*Assignment:*
Reproduce the entries verbatim; no pictures.

━━━━━ Exercise input ━━━━━

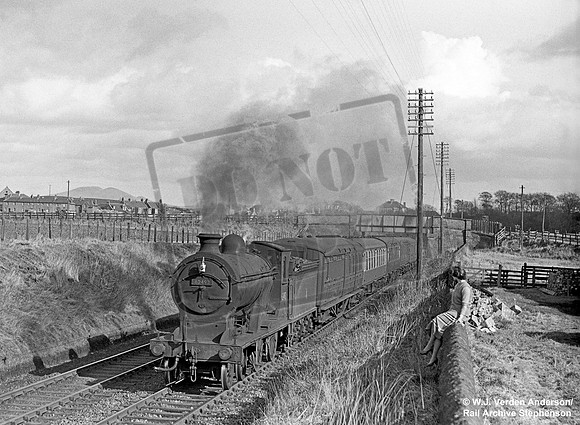 62492 1952c  Cameron Bridge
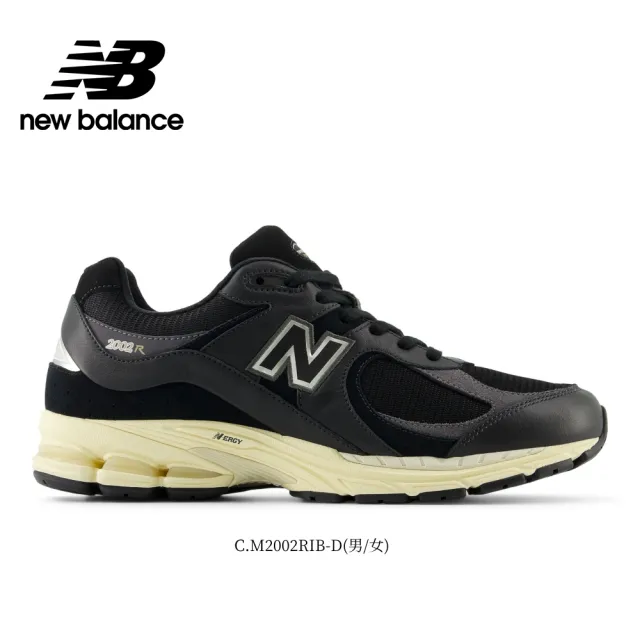 【NEW BALANCE】NB 運動鞋/復古鞋_男鞋/女鞋_M2002RSI-D_M2002RIA-D(2002R系列)
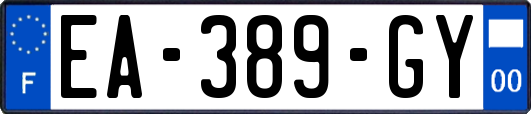 EA-389-GY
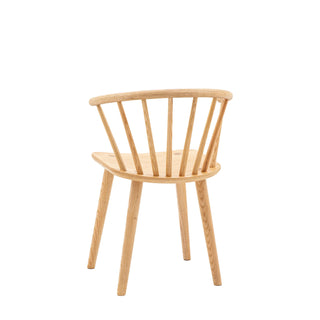 Craft Dining Chair Natural (2 pack) - KC at HOME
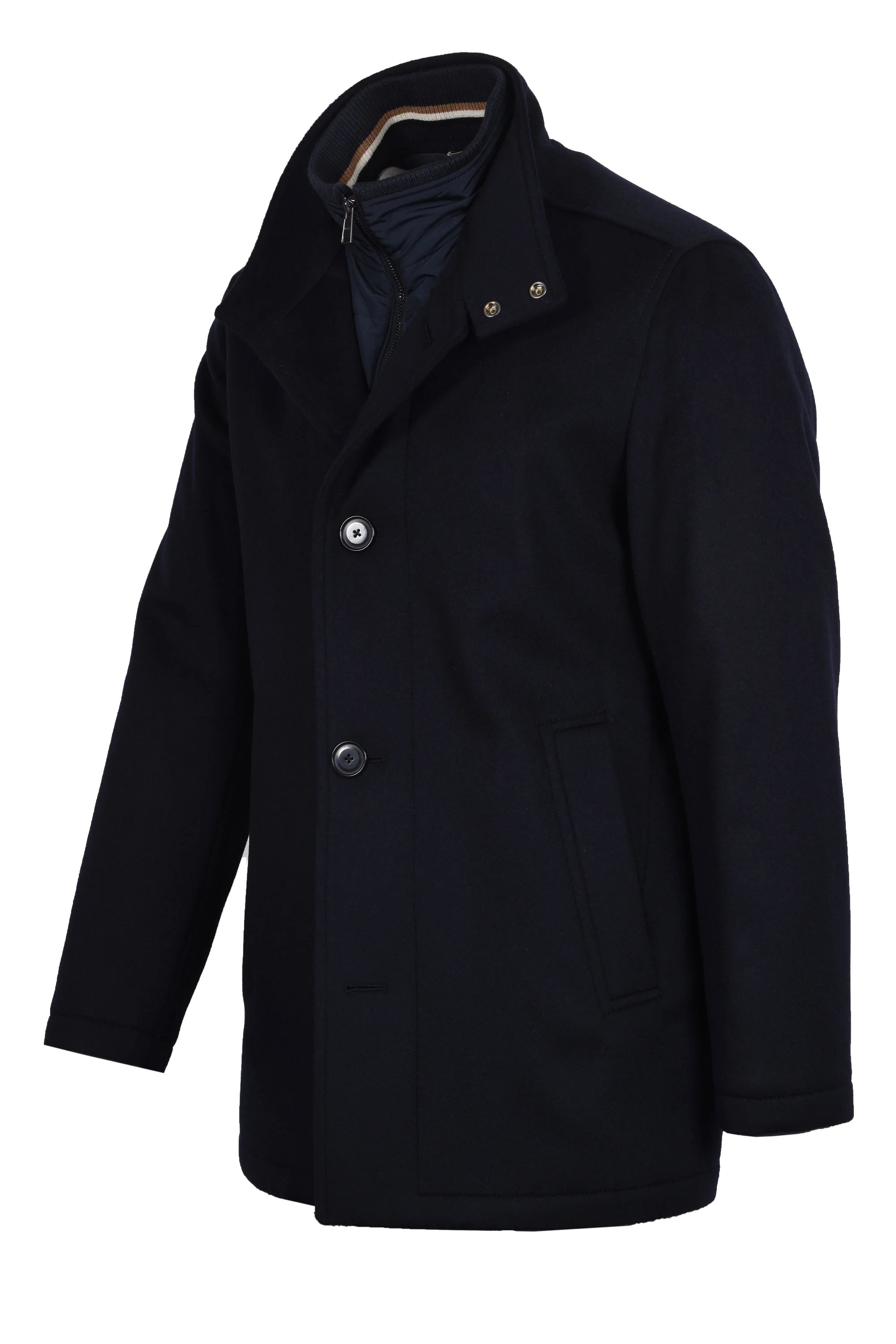 Boss Black H-Coxtan Jackets Dark Blue - Image 3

━━━━━

*Result below:*
 62492 1952c  Cameron Bridge
 【NEW BALANCE】NB 運動鞋/復古鞋_男鞋/女鞋_M2002RSI-D_M2002RIA-D(2002R系列)
 EA-389-GY
 Craft Dining Chair Natural (2 pack) - KC at HOME
 Boss Black H-Coxtan Jackets Dark Blue - Image 3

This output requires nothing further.